From the library I borrowed Clark’s The Nude: A Study in Ideal Form (1956) and the first volume of his autobiography, Another Part of the Wood (1974), and started reading the latter. Clark was born in London in 1903, a very foreign place and time but one that echoes sympathetically in odd corners of Texas in 2013.  He spends much time remembering the books he read as a boy and a young man. In the first chapter, “An Edwardian Childhood,” he names the Golliwog volumes of Florence and Bertha Upton, and Beatrix Potter’s books, specifically The Tailor of Gloucester, which I remember reading. Clark says he preferred it to the tales of Hans Christian Anderson and the Brothers Grimm, which frightened him. They frightened me too, but that’s precisely why I enjoyed them. Clark writes: 

"Perhaps the born story-teller (like Dickens) feels impelled to hold his hearer’s attention by frightening him, and the teller of children’s tales, knowing that his audience is fickle and fidgety, lays on the horrors more abundantly. Or do the majority of people really like being frightened?” 

Clark studied Latin and recalls an aide-mémoire used to remember the gender of nouns. He calls it a “distych which any writer should take to heart”: “Masculine will always be / Things that you can touch and see.” He comments: “Perhaps these lines were the foundation of my distaste for the stellar nebulae of literature—Shelley, and St John Perse.” I cheered as I read that and again as I transcribed it. In passing he mentions Waugh’s Decline and Fall and Ruskin’s Praeterita, and says: “A strong, catholic response to works of art is like a comfortable account in a Swiss bank. One can never become emotionally bankrupt.” He is moved by The Return of the Native, enjoys The Ordeal of Richard Feverel and Heart of Darkness, and bored by The Egoist – all appropriate responses. He adds:

“But even at that age I was no novel reader. I suppose most young people read novels as a short cut to growing up. By living other people’s lives they achieve vicarious experience. I did not want experience of life. I wanted information. So what I valued most in the bookcase was the eleventh edition of the Encyclopedia Britannica.” 

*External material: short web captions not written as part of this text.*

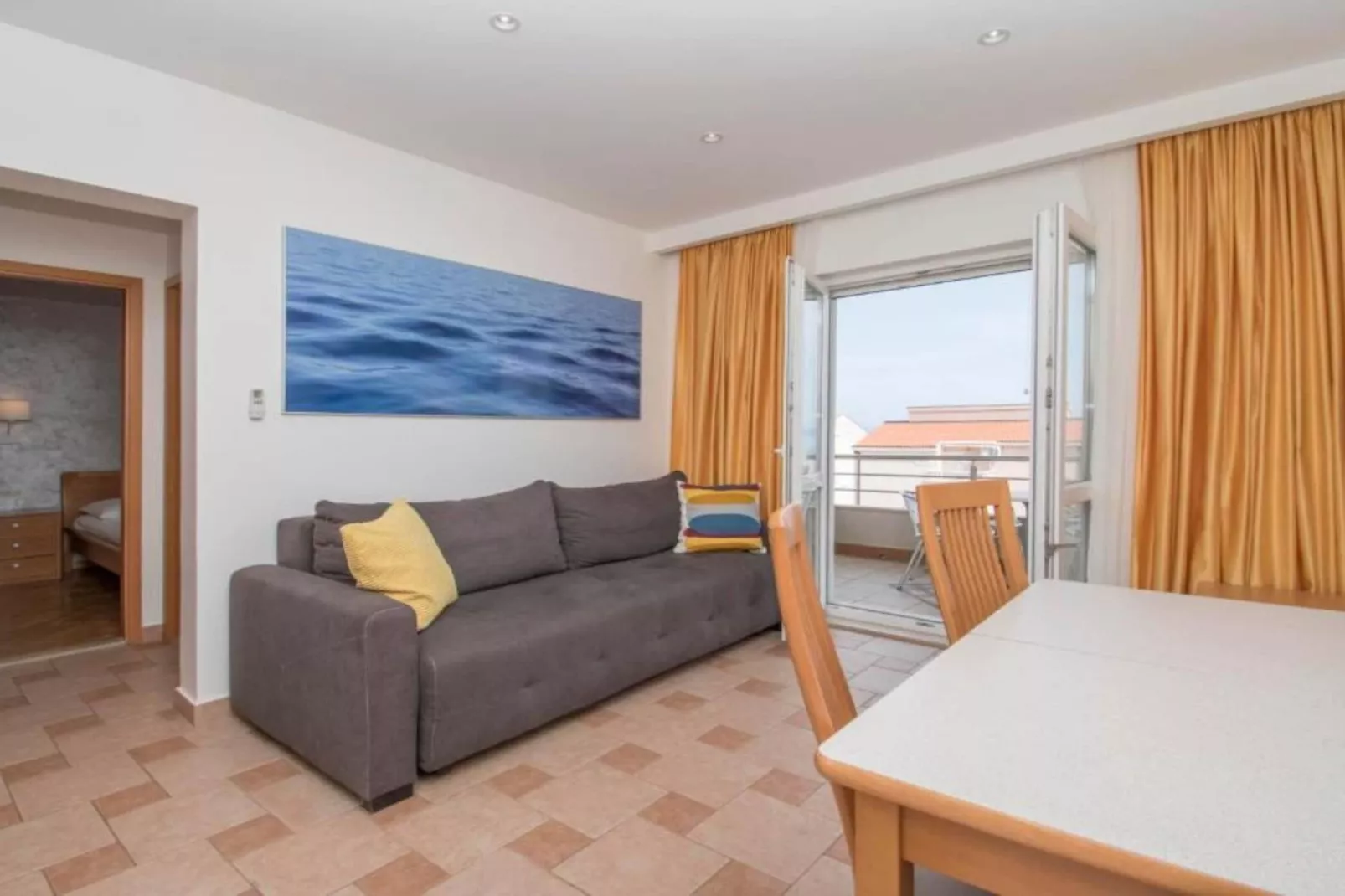 Apartments Antonio - One Bedroom Apartment with Balcony and Sea View - 3-Woonkamer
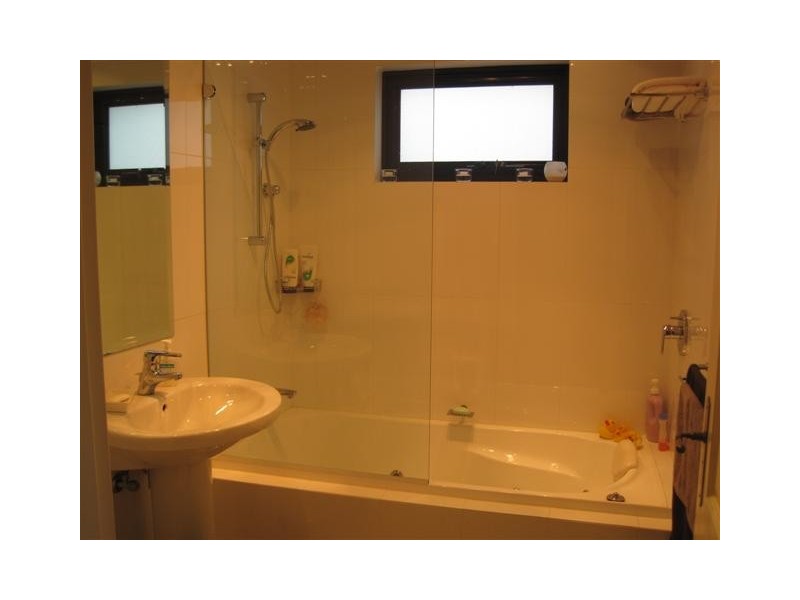 13A Junee Cres, Kingsgrove NSW 2208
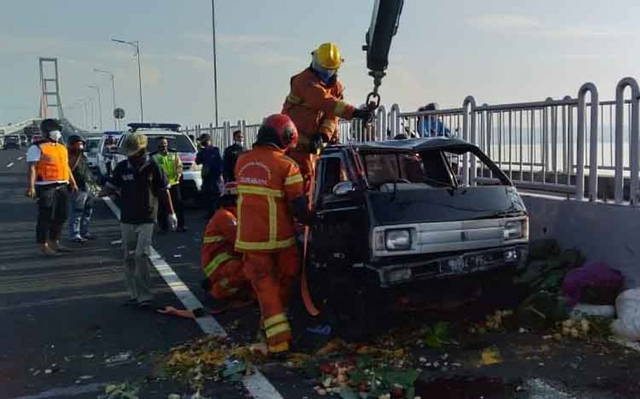 Pikap Celaka hingga Terbalik di Jembatan Suramadu, Pasutri di Dalamnya Tewas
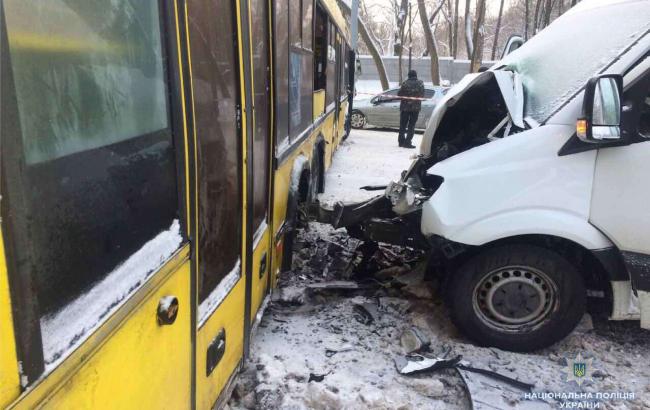 В Киеве столкнулись автобус и маршрутка, есть пострадавшие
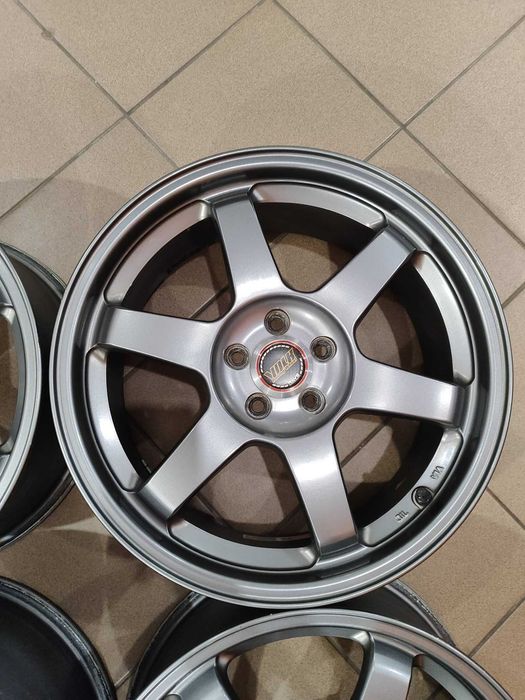 Kute felgi RAYS Volk Racing TE37 17x7,5" 5x100  ET48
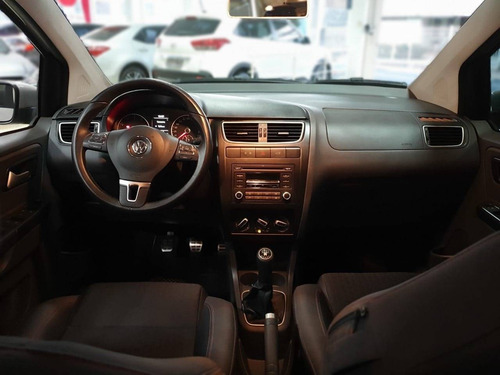 Volkswagen Crossfox 1.6 Mi Flex 8v 4p Manual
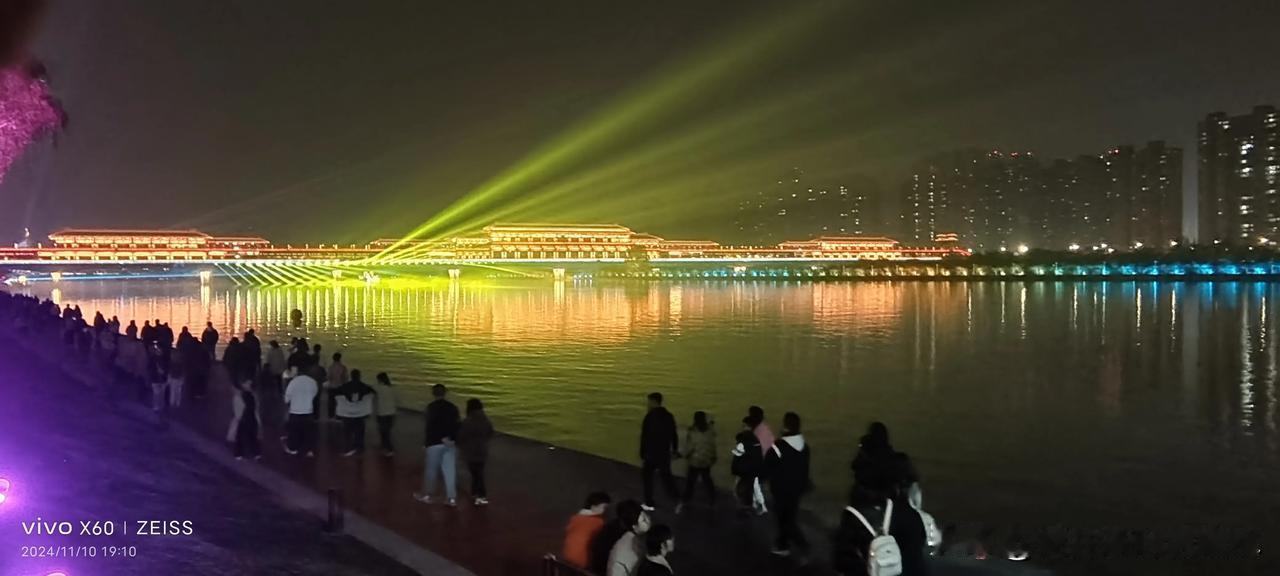 十一点多，看到在仪凤北街南口附
近，围了些人，看拍电影。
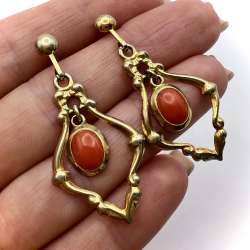 Gilt Sterling Silver 925 Vintage Woman's Stud Ear Earrings Coral Gemstone Signed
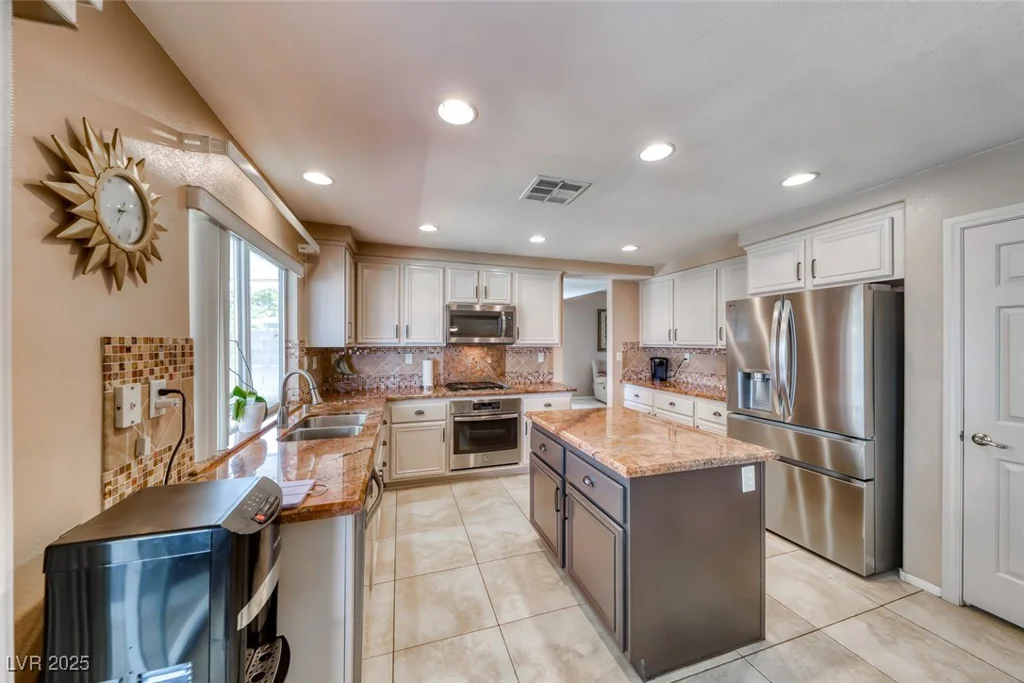8914 Termoli, Las Vegas, NV 89123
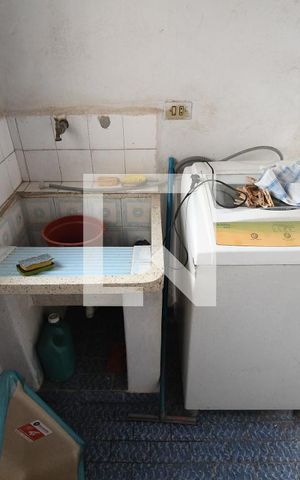 Casa à venda com 216m², 2 quartos e 2 vagasÁrea de Serviço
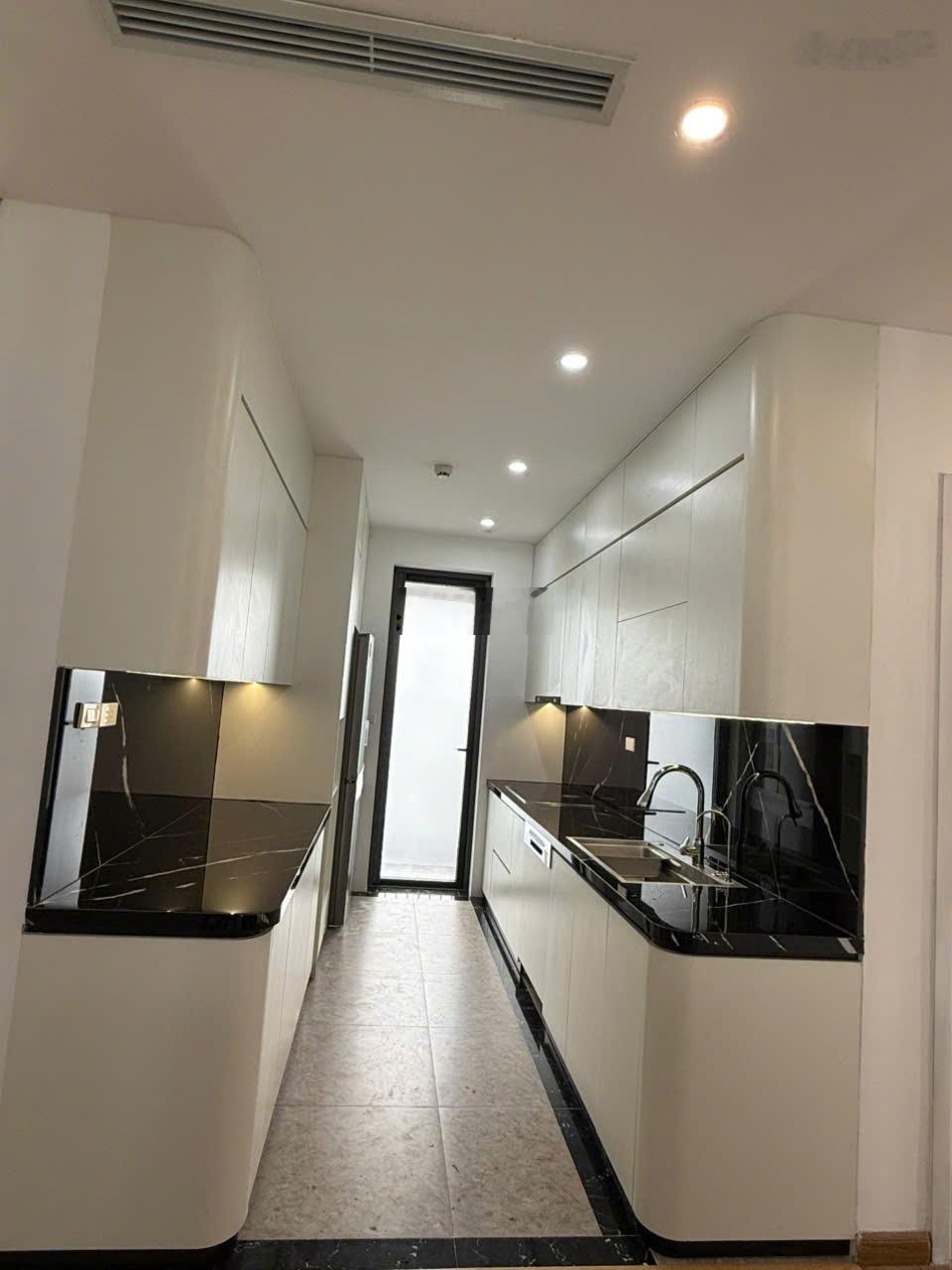 E Thơm cập nhật quỹ CH 2;3;4N Iris Garden T12/2025 DT61.7; 104; 135m giá tốt, sẵn sổ. LH 0968748525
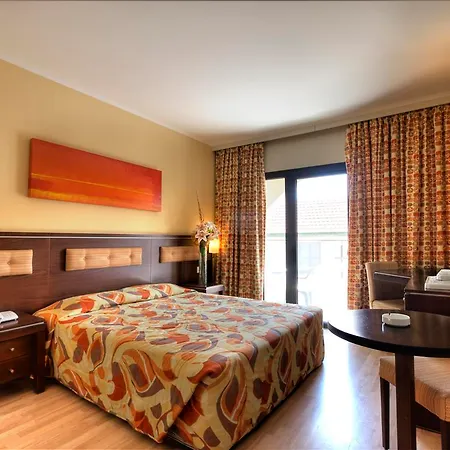 Hotel Livadhiotis Larnaca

I wanted both – experience of life and information – and have never found them inconsistent. As a young man, Clark wished to become both a painter and a writer, until reading an article by the novelist Arnold Bennett who suggested that “if an Englishman felt himself equally drawn to painting and writing he should not hesitate: he should write.” He says: 

“To be a writer one must read. What did I read? Chiefly poetry.” 

Clark discovered he had little interest in the Romantics and that his favorite period of English poetry was the seventeenth century, “not only Milton, but Donne Marvell, Herbert, Vaughan, Crashaw and even dear old Herrick. Vaughan was my favorite, and I could never understand why my teachers preferred Herbert.” 

Never stuffy, hidebound or predictable in his tastes, Clark says his next favorite among schools of poets are the Chinese of the ninth century “as rendered into English by Arthur Waley.” What delightful company Clark makes. Of Waley he writes: 

“What a world he opened to us; an appreciation of nature that we thought had been discovered by Rousseau and Wordsworth; a self-knowledge that we thought had been discovered by Montaigne; a feeling for the delicacy of human relationships within the complex structure of society that we thought was the invention of Proust, until we read the Lady Murasaki; all revealed to us by that silent, self-effacing scholar-poet.” 

Clark, too, is such a man, an enthusiast of civilization.